I have an indulgent voracious reader of a husband, who allowed me to purchase ten books from a neighborhood thrift store (with a great cause) to take on our recent romantic getaway to Charlotte, North Carolina.
Among these ten books, I grabbed, for the title and the cover alone, the book My Summer in a Garden by Charles Dudley Warner. It's a charming read, the most pithy of books I have ever come across. And I'm here to recommend it as a diverting and certainly amusing piece of timeless literature.
Side note: My book reviews say very little about the theme or tone or message of a book. Rather, they are my slight impression (because they will inevitably make a different impression on you) and then a little taste of the flavour of the book. Everyone loves a good free sample. Here you are.
I must say, before I conclude, that this book contained the longest Introduction I have ever seen or read. And, while the introduction isn't so amusing as the actual chapters of the book, some of my most notable takeaways were nevertheless found therein.

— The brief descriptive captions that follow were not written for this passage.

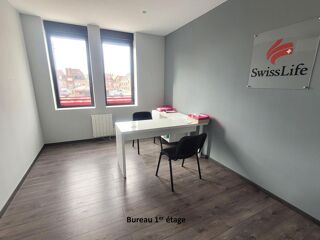  Immeuble à vendre 6 pièces 140 m²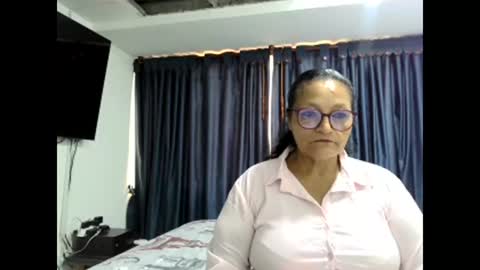 Snapshot of _cristal15 chatting on November 2025 06:18:02 PM _cristal15 online show from November 2025 06:18:02 PM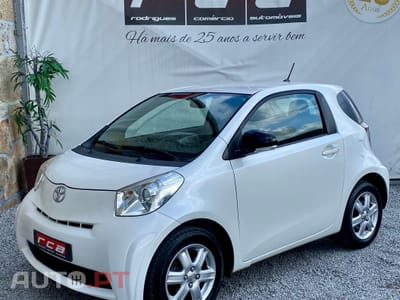 Toyota iQ 1.4 D-4D 2 NAVI+Bluetooth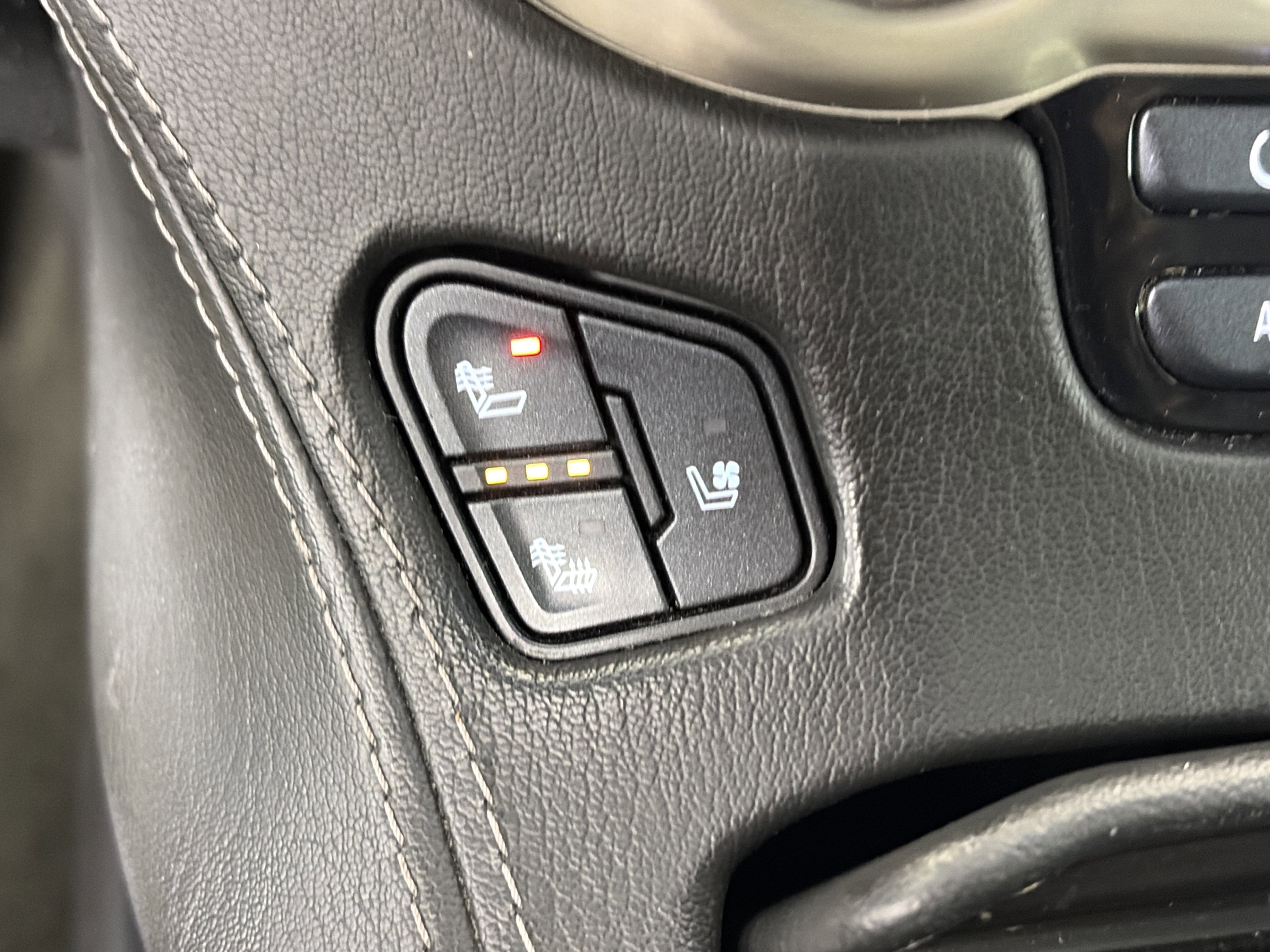 Used 2018 GMC Yukon Denali image 24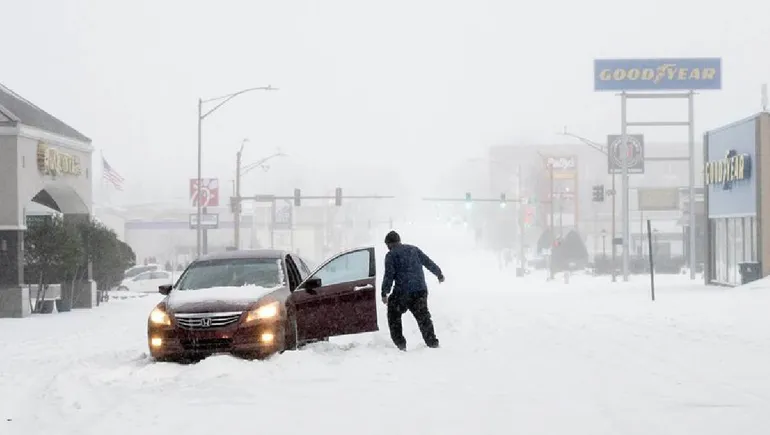 Nieve y vientos de hasta 80 km/h paralizan el noreste de Estados Unidos 3 Nieve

"The principle value of a private garden is not understood. It is not to give the possessor vegetables or fruit (that can be better and cheaper done by the market-gardeners), but to teach him patience and philosophy, and the higher virtues - hope deferred, and expectations blighted, leading directly to the resignation, and sometimes alienation. The garden is thus becomes a moral agent, a test of character, as it was in the beginning."
"I do not hold myself bound to answer the question, Does gardening pay? It is so difficult to define what is meant by paying. There is a popular notion, that, unless a thing pays, you had better let it alone; and I may say that there is a public opinion that will not let a man or woman continue in the indulgence of a fancy that does not pay. And public opinion is stronger than the legislature, and nearly as strong as the ten commandments: I therefore yield to the popular clamor when I discuss the profit of my garden."
"Of course, there is no such thing as absolute value in this world. You can only estimate what a thing is worth to you. Does gardening in a city pay? You might as well ask if it pays to keep hens, or a trotting-horse, or to wear a gold ring, or to keep your lawn cut, or your hair cut."